Records drawn from a dataset
================

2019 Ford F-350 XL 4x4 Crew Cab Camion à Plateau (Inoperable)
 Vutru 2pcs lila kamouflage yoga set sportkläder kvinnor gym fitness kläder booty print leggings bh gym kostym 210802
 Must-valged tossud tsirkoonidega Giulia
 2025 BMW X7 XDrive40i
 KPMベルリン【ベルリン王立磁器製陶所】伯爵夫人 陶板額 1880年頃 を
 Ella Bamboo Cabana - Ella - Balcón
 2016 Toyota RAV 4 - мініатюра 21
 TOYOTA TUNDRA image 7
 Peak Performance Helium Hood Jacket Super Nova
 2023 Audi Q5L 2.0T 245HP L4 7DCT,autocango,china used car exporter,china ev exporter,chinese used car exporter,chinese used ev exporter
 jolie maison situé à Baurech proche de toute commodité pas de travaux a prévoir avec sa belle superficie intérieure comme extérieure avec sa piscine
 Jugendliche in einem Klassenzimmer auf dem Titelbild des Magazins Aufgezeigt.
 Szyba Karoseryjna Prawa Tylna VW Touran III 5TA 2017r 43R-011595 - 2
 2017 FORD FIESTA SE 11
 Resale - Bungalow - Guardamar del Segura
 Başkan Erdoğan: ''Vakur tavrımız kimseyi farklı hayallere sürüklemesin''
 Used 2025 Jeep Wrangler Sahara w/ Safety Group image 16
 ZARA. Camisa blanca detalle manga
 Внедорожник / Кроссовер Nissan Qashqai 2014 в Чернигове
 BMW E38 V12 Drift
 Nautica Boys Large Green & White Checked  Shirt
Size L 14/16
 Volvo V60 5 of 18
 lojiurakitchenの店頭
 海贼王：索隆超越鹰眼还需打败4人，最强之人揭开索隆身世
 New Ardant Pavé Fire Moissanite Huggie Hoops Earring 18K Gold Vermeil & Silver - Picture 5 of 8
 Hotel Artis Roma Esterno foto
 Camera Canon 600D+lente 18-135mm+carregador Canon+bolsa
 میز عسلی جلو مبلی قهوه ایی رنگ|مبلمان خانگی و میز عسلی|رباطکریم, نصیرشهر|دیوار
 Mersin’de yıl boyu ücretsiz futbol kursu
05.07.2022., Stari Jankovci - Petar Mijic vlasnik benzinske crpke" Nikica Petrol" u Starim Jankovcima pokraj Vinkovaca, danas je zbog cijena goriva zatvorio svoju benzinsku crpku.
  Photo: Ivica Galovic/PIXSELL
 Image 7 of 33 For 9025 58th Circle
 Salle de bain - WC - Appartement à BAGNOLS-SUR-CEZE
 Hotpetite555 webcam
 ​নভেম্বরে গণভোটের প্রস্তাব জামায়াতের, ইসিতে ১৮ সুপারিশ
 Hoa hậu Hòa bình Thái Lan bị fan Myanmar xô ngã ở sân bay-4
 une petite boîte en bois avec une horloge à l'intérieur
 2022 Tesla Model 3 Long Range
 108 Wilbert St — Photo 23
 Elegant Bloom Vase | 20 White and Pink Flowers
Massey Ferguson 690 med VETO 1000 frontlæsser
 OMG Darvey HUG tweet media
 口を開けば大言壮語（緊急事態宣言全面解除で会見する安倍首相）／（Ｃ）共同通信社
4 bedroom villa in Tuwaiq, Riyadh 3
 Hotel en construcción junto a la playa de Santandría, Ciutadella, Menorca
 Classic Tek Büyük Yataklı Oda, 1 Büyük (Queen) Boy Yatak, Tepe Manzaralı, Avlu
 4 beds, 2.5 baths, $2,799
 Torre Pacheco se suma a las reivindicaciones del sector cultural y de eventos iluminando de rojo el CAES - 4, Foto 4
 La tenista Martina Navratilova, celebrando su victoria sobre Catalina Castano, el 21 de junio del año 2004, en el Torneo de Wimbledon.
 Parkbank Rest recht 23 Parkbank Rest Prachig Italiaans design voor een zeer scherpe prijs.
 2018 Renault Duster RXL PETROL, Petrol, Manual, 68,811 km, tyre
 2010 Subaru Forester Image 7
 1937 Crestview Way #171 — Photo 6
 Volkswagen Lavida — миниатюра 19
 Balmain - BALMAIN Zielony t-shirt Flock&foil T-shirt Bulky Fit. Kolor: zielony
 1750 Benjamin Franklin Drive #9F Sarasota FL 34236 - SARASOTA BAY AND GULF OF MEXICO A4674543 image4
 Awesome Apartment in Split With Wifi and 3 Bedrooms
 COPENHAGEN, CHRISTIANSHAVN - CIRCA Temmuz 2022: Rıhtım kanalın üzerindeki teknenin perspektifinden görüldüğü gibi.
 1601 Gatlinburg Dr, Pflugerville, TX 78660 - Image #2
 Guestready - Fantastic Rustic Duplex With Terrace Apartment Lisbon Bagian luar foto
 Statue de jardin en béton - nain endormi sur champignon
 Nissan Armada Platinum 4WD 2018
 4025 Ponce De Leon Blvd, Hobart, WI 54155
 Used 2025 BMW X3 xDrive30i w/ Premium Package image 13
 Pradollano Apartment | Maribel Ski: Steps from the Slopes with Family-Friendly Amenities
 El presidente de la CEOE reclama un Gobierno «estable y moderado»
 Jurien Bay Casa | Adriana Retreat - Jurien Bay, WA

================

* What the task asks *
Restate, word for word and with nothing added, the lines from the beginning of the records above through the line that contains "2017 FORD FIESTA SE 11".

* Finished exercise *
2019 Ford F-350 XL 4x4 Crew Cab Camion à Plateau (Inoperable)
 Vutru 2pcs lila kamouflage yoga set sportkläder kvinnor gym fitness kläder booty print leggings bh gym kostym 210802
 Must-valged tossud tsirkoonidega Giulia
 2025 BMW X7 XDrive40i
 KPMベルリン【ベルリン王立磁器製陶所】伯爵夫人 陶板額 1880年頃 を
 Ella Bamboo Cabana - Ella - Balcón
 2016 Toyota RAV 4 - мініатюра 21
 TOYOTA TUNDRA image 7
 Peak Performance Helium Hood Jacket Super Nova
 2023 Audi Q5L 2.0T 245HP L4 7DCT,autocango,china used car exporter,china ev exporter,chinese used car exporter,chinese used ev exporter
 jolie maison situé à Baurech proche de toute commodité pas de travaux a prévoir avec sa belle superficie intérieure comme extérieure avec sa piscine
 Jugendliche in einem Klassenzimmer auf dem Titelbild des Magazins Aufgezeigt.
 Szyba Karoseryjna Prawa Tylna VW Touran III 5TA 2017r 43R-011595 - 2
 2017 FORD FIESTA SE 11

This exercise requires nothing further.